Activity – Leaving out any pictures, print the entries that follow exactly as they stand.

- - - - - - -

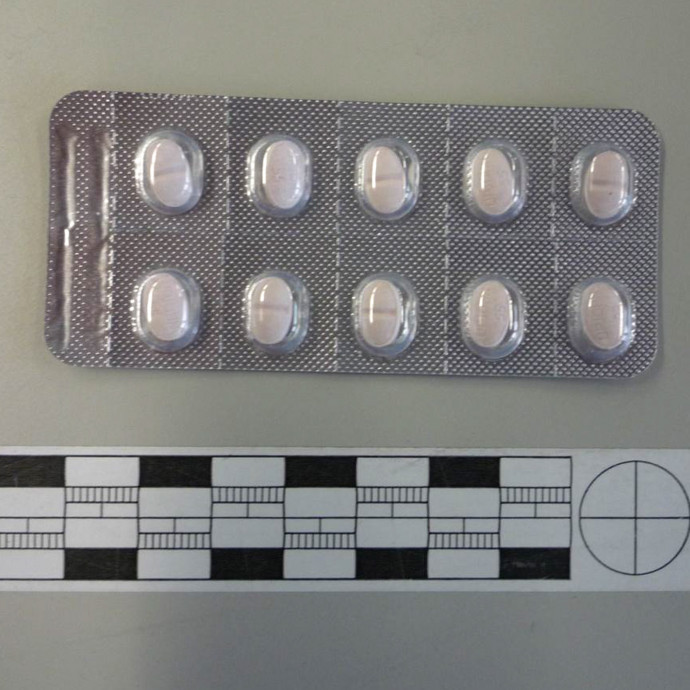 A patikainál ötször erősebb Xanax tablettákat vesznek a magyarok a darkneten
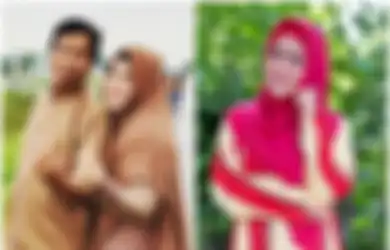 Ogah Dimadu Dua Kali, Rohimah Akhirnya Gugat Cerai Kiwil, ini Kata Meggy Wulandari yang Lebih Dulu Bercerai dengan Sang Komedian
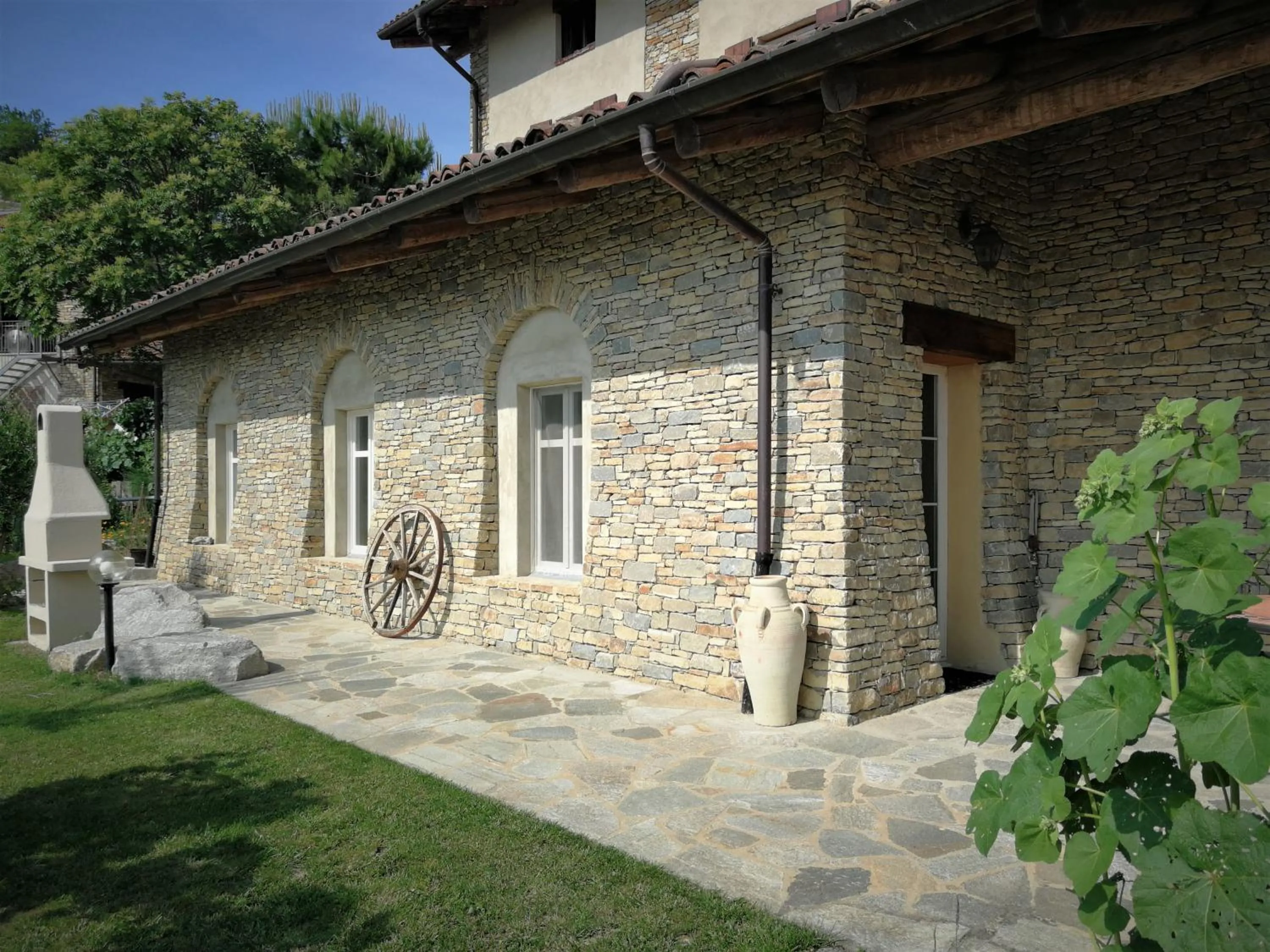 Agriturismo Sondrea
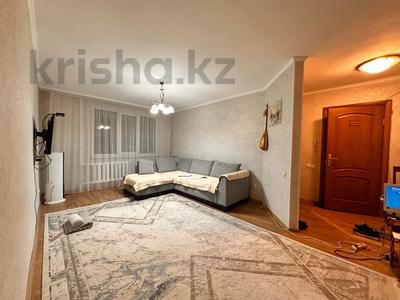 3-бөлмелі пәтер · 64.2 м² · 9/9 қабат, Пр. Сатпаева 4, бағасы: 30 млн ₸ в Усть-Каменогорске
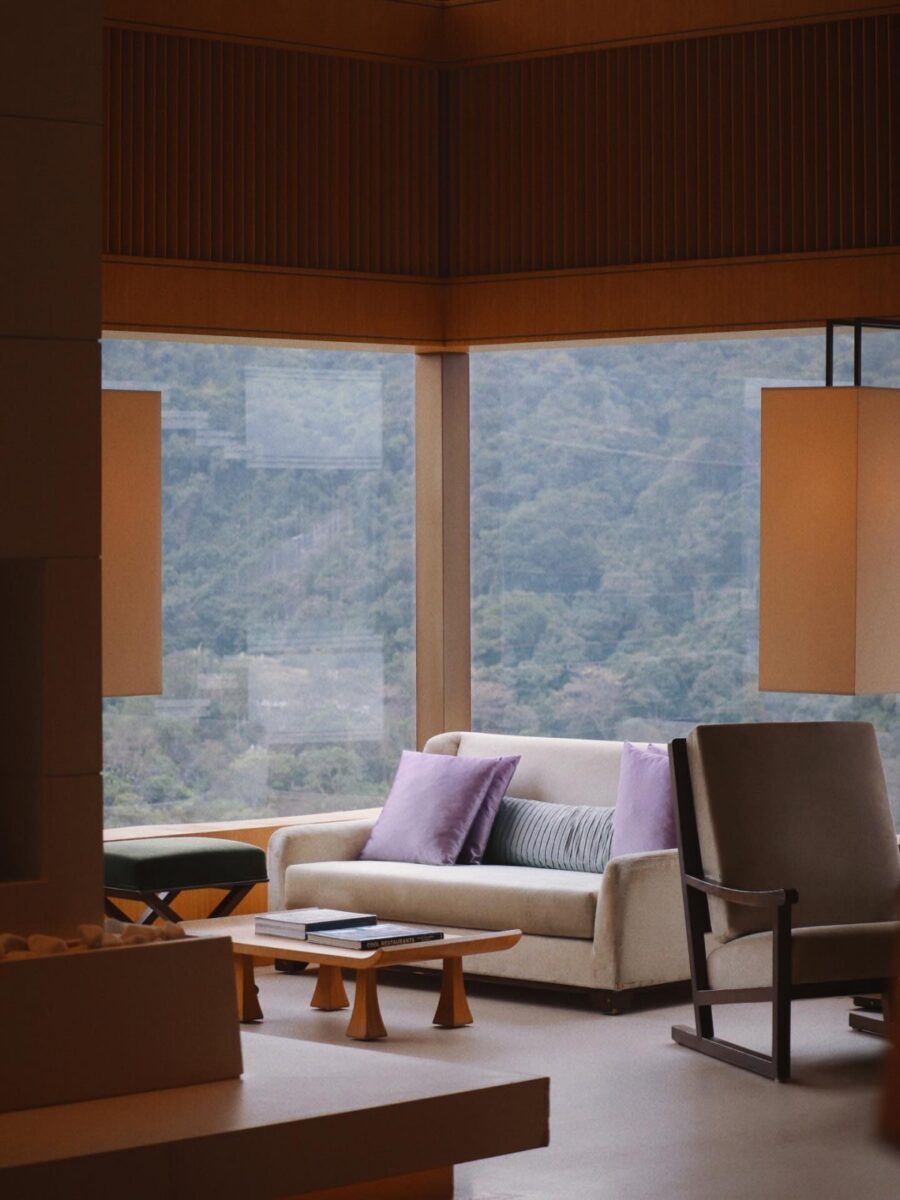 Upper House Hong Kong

- - - - - - -

Exercise response –
 A patikainál ötször erősebb Xanax tablettákat vesznek a magyarok a darkneten
 Ogah Dimadu Dua Kali, Rohimah Akhirnya Gugat Cerai Kiwil, ini Kata Meggy Wulandari yang Lebih Dulu Bercerai dengan Sang Komedian
 Agriturismo Sondrea
 3-бөлмелі пәтер · 64.2 м² · 9/9 қабат, Пр. Сатпаева 4, бағасы: 30 млн ₸ в Усть-Каменогорске
 Upper House Hong Kong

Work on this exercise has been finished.